The Science of Hiring

Woman writing on whiteboard.

Hiring managers are afraid to make a bad hire. It’s a justified fear—a bad hire costs the company more than just money. So, hiring managers developed their own intricate hiring processes to ensure bad hires don’t get offers. And these processes work, right?

Bad news—the research is clear; unless these hiring processes are based on proven selection methods, complex and arbitrary processes do not reliably predict the job performance of a potential hire.

Good news—you can feel more confident about your ability to make a good hire if you use a streamlined process based on selection methods that are proven to predict an individual’s on-the-job performance.
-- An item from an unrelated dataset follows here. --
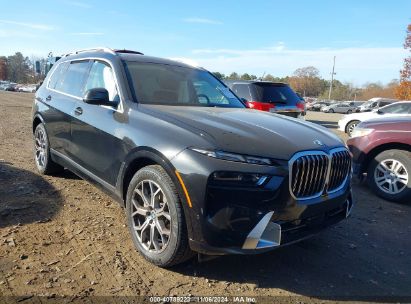 2025 BMW X7 XDRIVE40I Black  Gasoline 5UX23EM01S9X05412 photo #1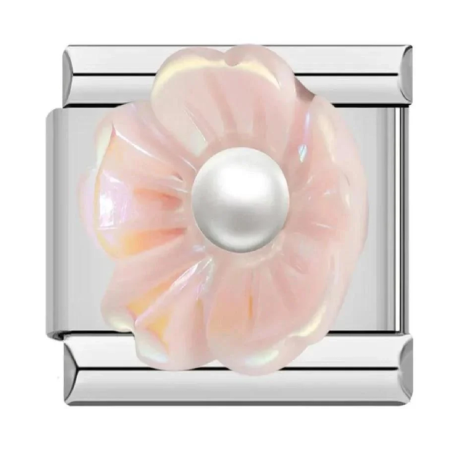 وردة زهر لون فضي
This article takes the research available and applies it specifically to hiring technical talent. Our focus is on best practices to implement and too-frequent poor practices to discontinue.

Selection methods are the methods we use to evaluate candidates.

Validity is a measure of how accurately the selection method predicted future job performance. A high validity corresponds to a high accuracy. Validities are often expressed as a number between 0 and 1 (e.g., 0.61) but can also be understood as percentages (e.g., 61%).

While a data-backed hiring process might seem harsh and impersonal, it has other benefits besides candidate vetting. Using high-validity selection methods decreases risky hires, eliminates hiring bias, and increases diversity in the workplace.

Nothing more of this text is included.